At block 322, the system implementing the method 300 determines if there are data objects remaining in the set of data objects sampled from the training dataset. For example, if there are no data objects remaining, the system implementing the method 300 continues to block 324. However, in another example, if there are data objects remaining, the system implementing the method 300 returns to block 304 and continues to the next data object. Furthermore, in various embodiments, once all of the data objects from the set of data objects sampled from the training data set have been processed by the system implementing the method 300, the method 300 continues at block 324 and proceeds to the next/last training iteration. For example, if the total number of training iterations is one-hundred, the method 300 is performed for that number of iterations.



FIG. 4 is a flow diagram showing a method 400 for updating a past student model in accordance with an embodiment. The method 400 can be performed, for instance, by the knowledge distillation tool 104 of FIG. 1. As shown at block 402, the system implementing the method 400 determines if an update interval has expired. As described above, in various embodiments, the training techniques can be performed over a number of iterations. For example, as part of the method 300 described above in connection with FIG. 3, at the end of an iteration, the system implementing the method 400 determines if the update interval (e.g., thirty training iterations) has expired.


In an embodiment, if the system implementing the method 400 determines the update interval has expired, the method 400 continues to block 404. At block 404, the system implementing the method 400 updates the past student model based on the current student model.
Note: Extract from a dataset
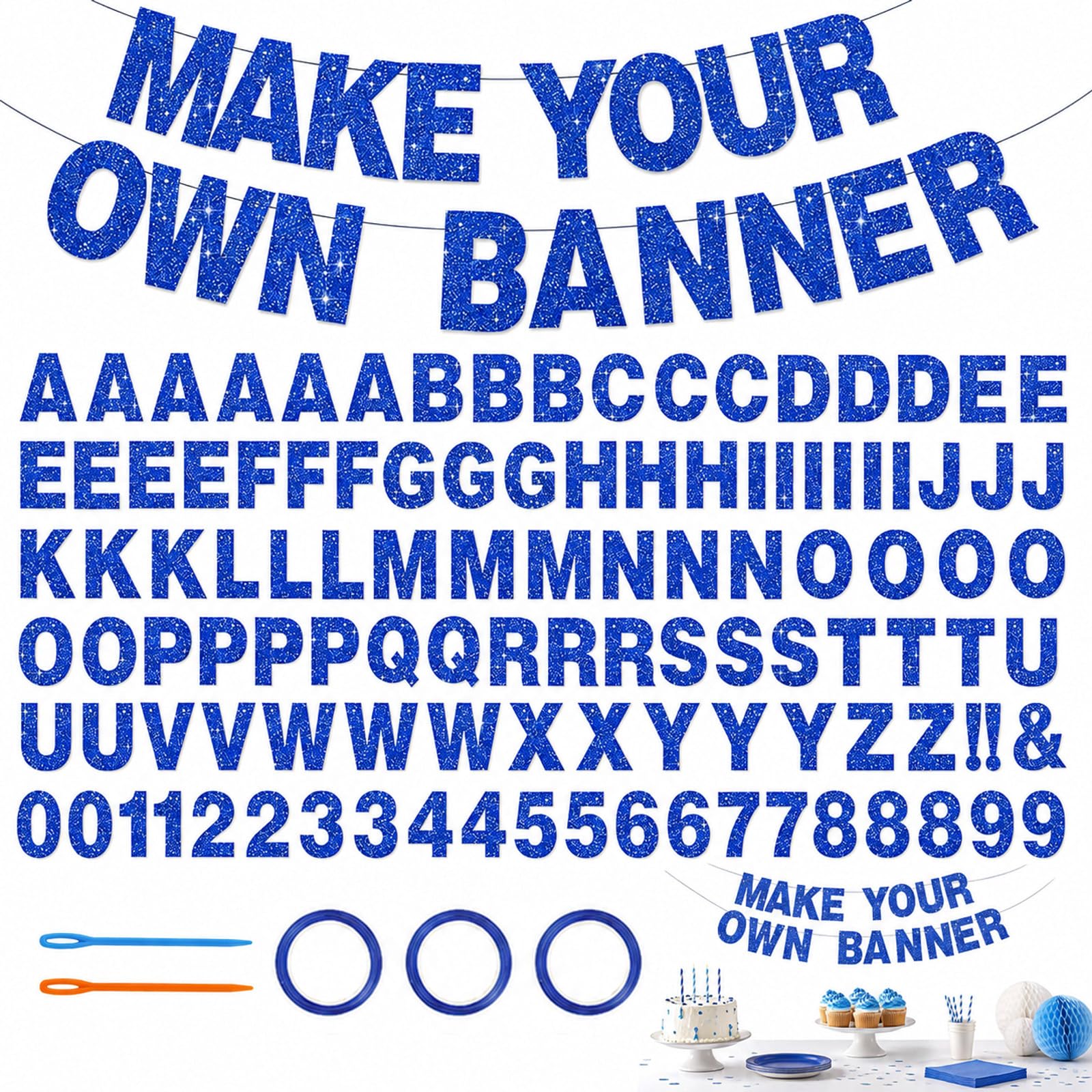 116pcs Personalised Banner Set Customisable DIY Alphabet Bunting Glitter Letters and Numbers with Hanging String for Adults DIY Enthusiasts Indoor Outdoor Decor for Hen Parties Anniversar (Blue)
For example, the parameters of the student model are used to update the parameters of the past student model. In an embodiment, if the system implementing the method 400 determines the update interval has not expired, the method 400 continues to block 406. At block 406, the system implementing the method 400 maintains the past student model.
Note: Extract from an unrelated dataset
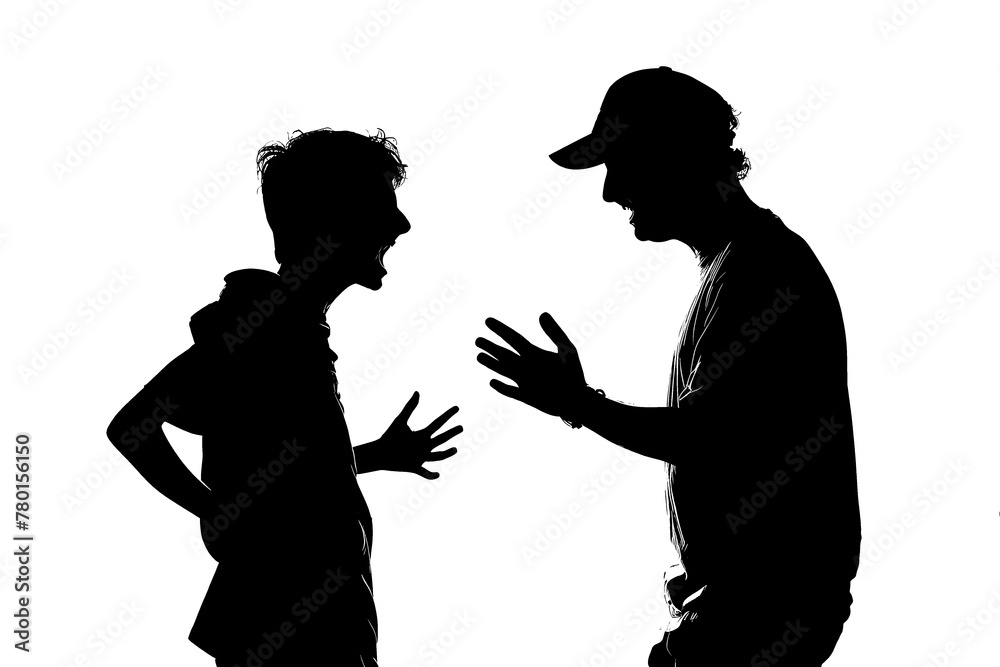 Silhouette outline of a father and son arguing on white.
FIG. 5 is a flow diagram showing a method 500 for causing a trained student model to perform one or more tasks in accordance with an embodiment. The method 500 can be performed, for instance, by the user device 102 of FIG. 1. As shown at block 502, the system implementing the method 500 obtains a trained student model. For example, the student model trained using method 300 can be obtained by an application executed by the user device. At block 504, the system implementing the method 500 causes the trained student model to perform one or more tasks. For example, as described above in connection with FIG. 1, the trained student model generates labels for images through the application executed by the user device.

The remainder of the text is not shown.